Aim of the task. Leave out the pictures and give back all the entries exactly as written.

_ _ _ _ _ _ _

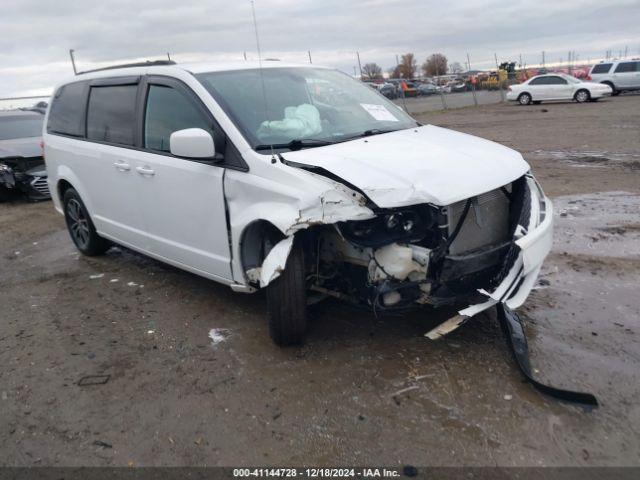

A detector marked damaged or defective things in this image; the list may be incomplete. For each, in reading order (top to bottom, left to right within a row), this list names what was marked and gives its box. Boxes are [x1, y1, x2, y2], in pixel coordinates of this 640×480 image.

crumpled hood [0, 137, 42, 159]
crumpled hood [284, 124, 528, 207]
broken headlight [336, 204, 440, 248]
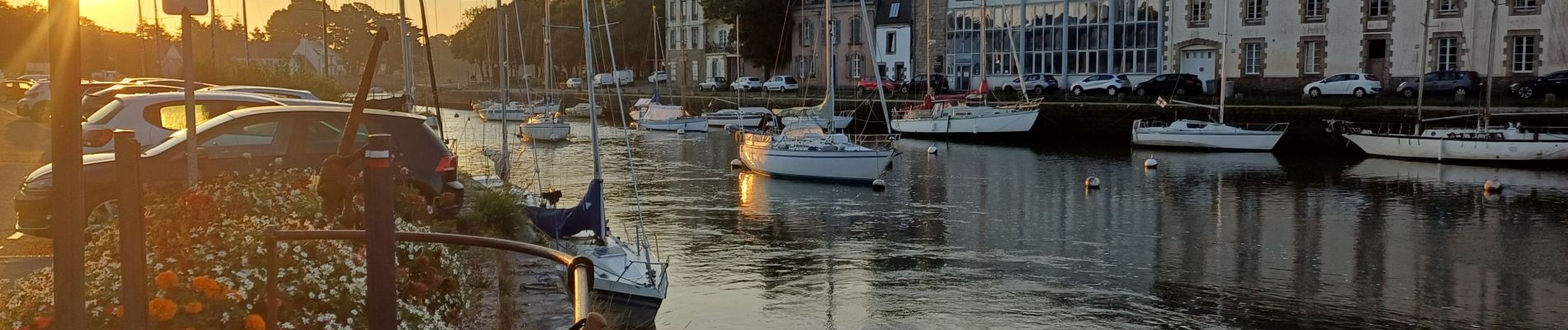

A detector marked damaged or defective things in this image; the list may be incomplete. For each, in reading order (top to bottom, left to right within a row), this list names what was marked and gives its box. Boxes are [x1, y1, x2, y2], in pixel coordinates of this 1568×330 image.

rusty metal post [49, 0, 87, 327]
rusty metal post [114, 131, 149, 330]
rusty metal post [263, 224, 279, 330]
rusty metal post [361, 134, 394, 327]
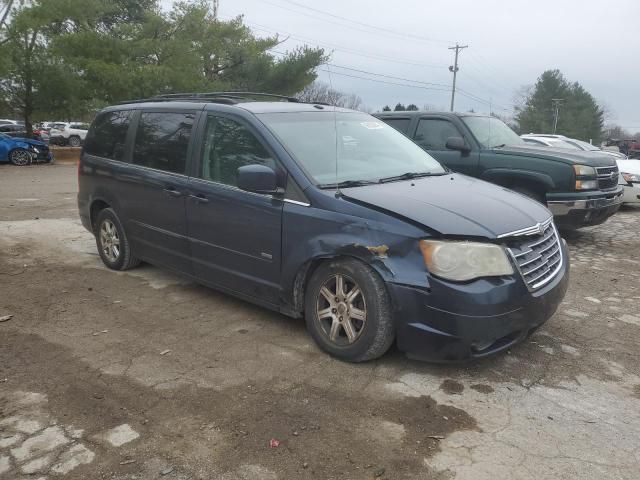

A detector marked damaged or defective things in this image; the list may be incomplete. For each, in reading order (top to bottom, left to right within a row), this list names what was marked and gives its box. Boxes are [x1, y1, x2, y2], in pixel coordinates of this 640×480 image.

cracked pavement [1, 163, 640, 478]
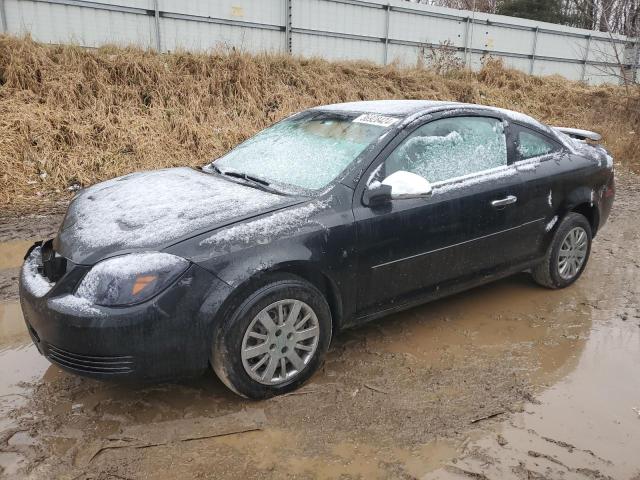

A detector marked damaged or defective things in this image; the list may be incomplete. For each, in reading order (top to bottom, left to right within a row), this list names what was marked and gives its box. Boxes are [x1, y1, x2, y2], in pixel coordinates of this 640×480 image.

_ _ _ _ _ _ _

Solution below.
A detector marked damaged or defective things in this image; the list may be incomplete. For each, in reading order (top to bottom, left to right within a row), this list names what was marked and gives its box. Boxes are [x1, y1, x2, y2], in pixel coordinates of this 640×480 image.

crumpled hood [0, 137, 42, 159]
crumpled hood [284, 124, 528, 207]
broken headlight [336, 204, 440, 248]

A detector marked damaged or defective things in this image; the list may be incomplete. For each, in reading order (top to bottom, left to right within a row), this list names what was marked and gives its box. Boxes are [x1, y1, x2, y2], in pixel coordinates of this 1568×330 image.

rusty metal post [49, 0, 87, 327]
rusty metal post [114, 131, 149, 330]
rusty metal post [263, 224, 279, 330]
rusty metal post [361, 134, 394, 327]

A detector marked damaged or defective things in this image; the list may be incomplete. For each, in reading order (top to bottom, left to right within a row), this list names what was marked and gives its box. Boxes are [x1, y1, x2, y2], in pixel coordinates of this 640×480 image.

cracked pavement [1, 163, 640, 478]

A detector marked damaged or defective things in this image; the list may be incomplete. For each, in reading order (top to bottom, left to right within a row), this list names what was marked and gives its box. Boxes are [x1, y1, x2, y2], in pixel coordinates of this 640×480 image.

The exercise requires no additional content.